Ende der 70er-Jahre war das Land von politischen Morden, Sabotagen und Provokationen zerrissen. Später wurde deutlich: Hinter dem Blutbad stand eine Gladio-ähnliche Struktur des Tiefen Staates. Die Generäle des herbeigeführten Putsches traten an, „die Türkei vom Bruderkrieg zu befreien“, stürzten die Regierung, sperrten Tausende aus rechter wie linker Szene ein, brachten Dutzende an den Galgen. Nur die Islamisten blieben außen vor. Im Gegenteil: Mit Koranschulen und obligatorischem Religionsunterricht wurden sie sogar gefördert. Die USA, die nach der iranischen Revolution 1979 und dem Einmarsch in Afghanistan an Einfluss eingebüßt hatten, stützten in der Türkei ein ihnen genehmes, stabiles Militärregime. Während die lebendigen Parteien und Jugendorganisationen ausgeschaltet wurden, ließ man islamistische Netzwerke wachsen. Erdoğan ist eine Frucht dieser Saat. Sein Aufstieg verdankt sich dem Vakuum, das die ausgeschalteten Politiker hinterließen – und dem von Washington abgesegneten Projekt eines „gemäßigten Islam“. Er nutzte die Gelegenheit und etablierte sich mit offener US-Unterstützung an der Macht. Dass eine der ersten Initiativen der AKP nach dem Wahlsieg im November 2002 der Versuch war, den US-Truppen für den Irakkrieg den Weg durch die Türkei zu öffnen, sollte nicht vergessen werden. Bis heute zählt die AKP zu den engsten Partnern der Trump-Administration.

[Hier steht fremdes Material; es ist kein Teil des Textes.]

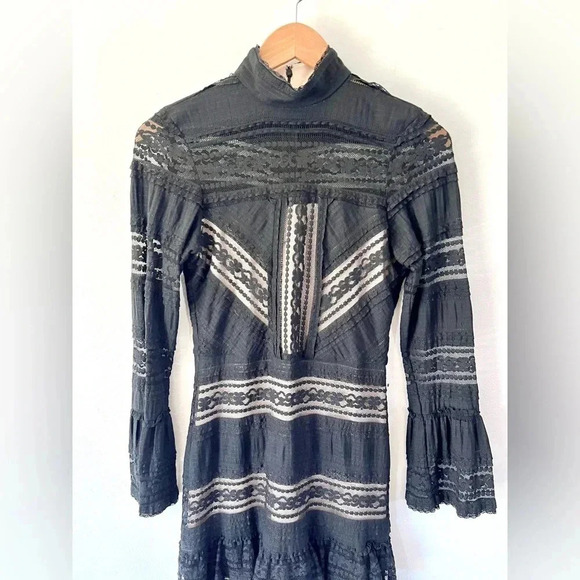 Parker Nadia Black Lace Long Sleeve Ruffle Cuff Mini Dress Size 2 - Picture 3 of 13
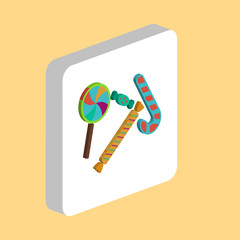 Sweets Simple vector icon. Illustration symbol design template for web mobile UI element. Perfect color isometric pictogram on 3d white square. Sweets icons for business project.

Drei Jahrzehnte nach dem Putsch setzte Erdoğan ein Referendum an – angeblich, um die Putschisten zur Rechenschaft zu ziehen. Doch unter diesem Deckmantel schmuggelte er eine Reform hinein, die ihm die Kontrolle über die Justiz verschaffte. Mit der Kampagne „Wir bestrafen die Putschisten“ wurde in Wahrheit der Rechtsstaat ausgehebelt und der Boden für das heutige Ein-Mann-Regime bereitet.
Auch 45 Jahre später ist der 12. September kein „historischer Putsch“, der in den Büchern verstaubt. Er ist ein Prozess, dessen Folgen in allen Bereichen bis heute spürbar sind.